» SUPPLIED DATA
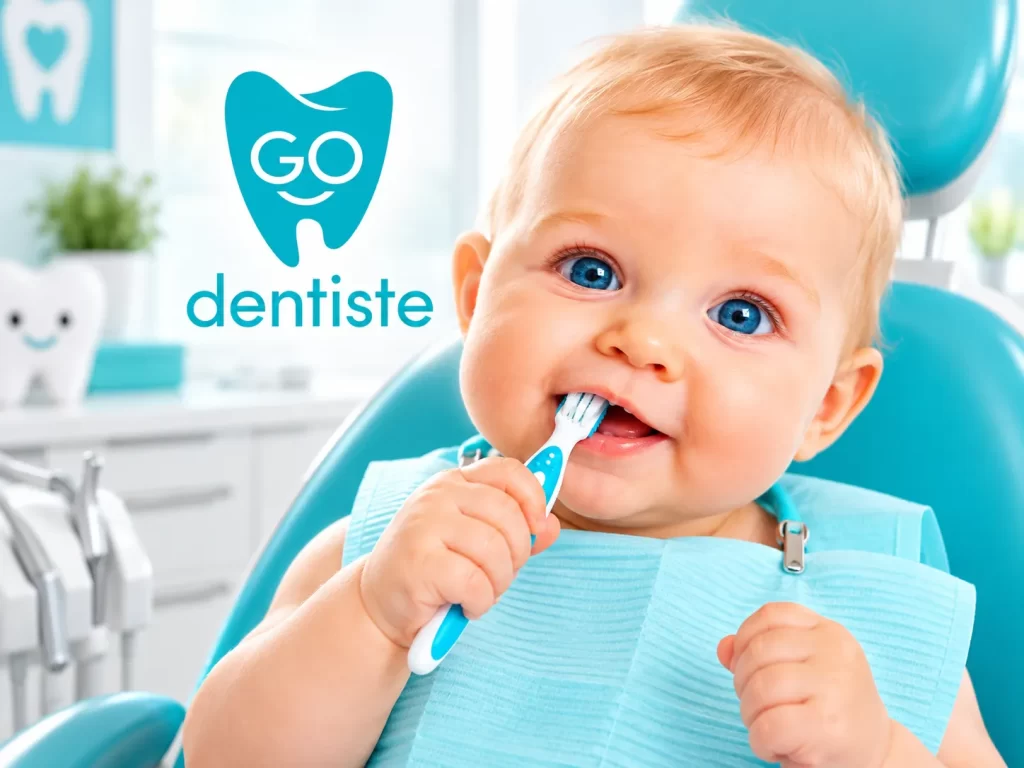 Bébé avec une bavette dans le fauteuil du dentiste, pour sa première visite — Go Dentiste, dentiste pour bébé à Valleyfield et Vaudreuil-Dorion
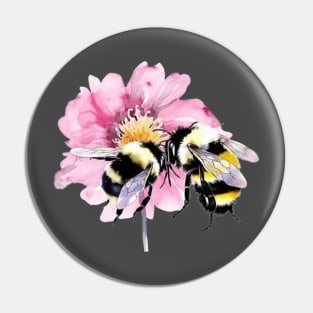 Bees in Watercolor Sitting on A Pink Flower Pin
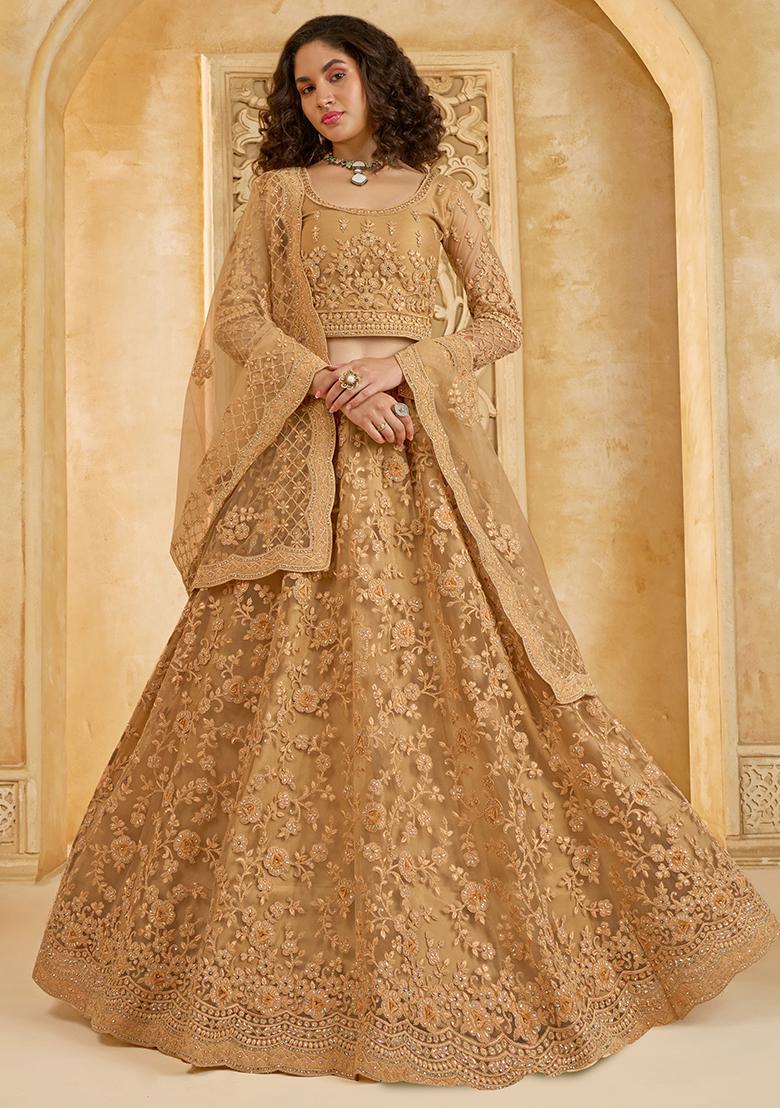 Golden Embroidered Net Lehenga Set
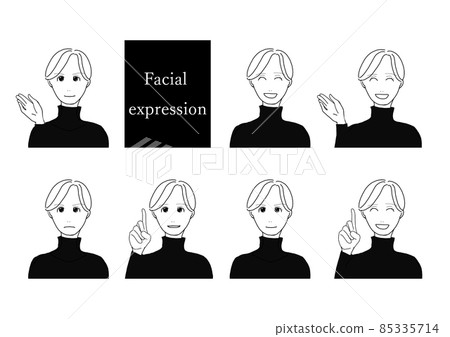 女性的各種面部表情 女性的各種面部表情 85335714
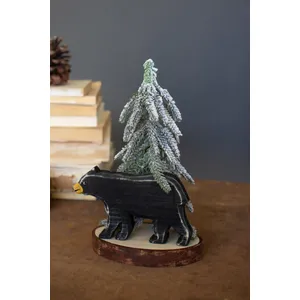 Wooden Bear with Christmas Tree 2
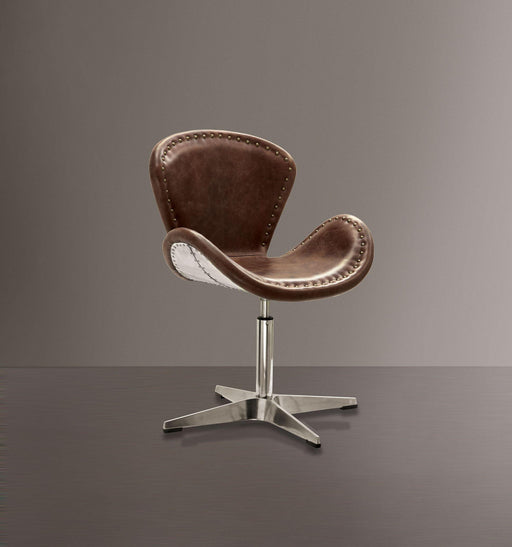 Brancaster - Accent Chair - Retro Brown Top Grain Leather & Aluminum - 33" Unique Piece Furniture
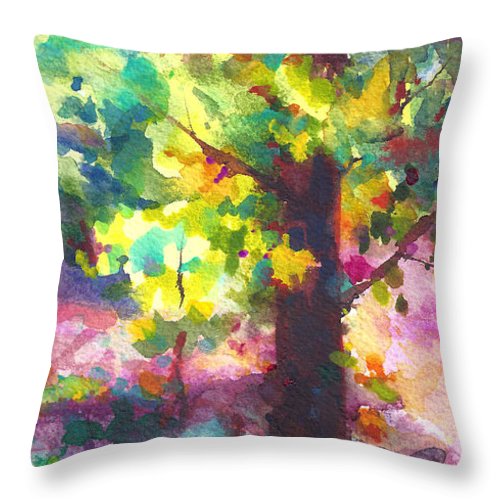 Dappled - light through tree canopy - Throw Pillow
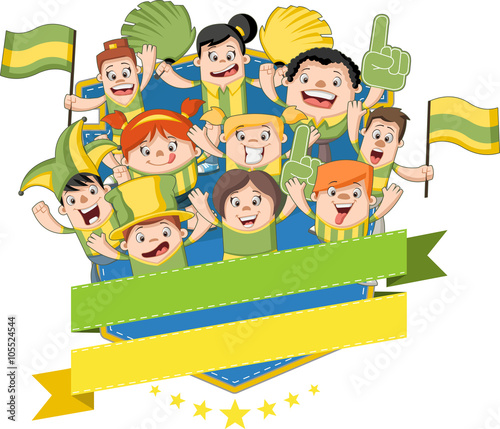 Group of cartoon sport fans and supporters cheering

» YOUR ASSIGNMENT
Begin with the line holding "Bees in Watercolor" and end with the last line of the listing. Reproduce each of those lines exactly, and leave every picture out.

» PROBLEM SOLUTION
 Bees in Watercolor Sitting on A Pink Flower Pin
 Golden Embroidered Net Lehenga Set
 女性的各種面部表情 女性的各種面部表情 85335714
 Wooden Bear with Christmas Tree 2
 Brancaster - Accent Chair - Retro Brown Top Grain Leather & Aluminum - 33" Unique Piece Furniture
 Dappled - light through tree canopy - Throw Pillow
 Group of cartoon sport fans and supporters cheering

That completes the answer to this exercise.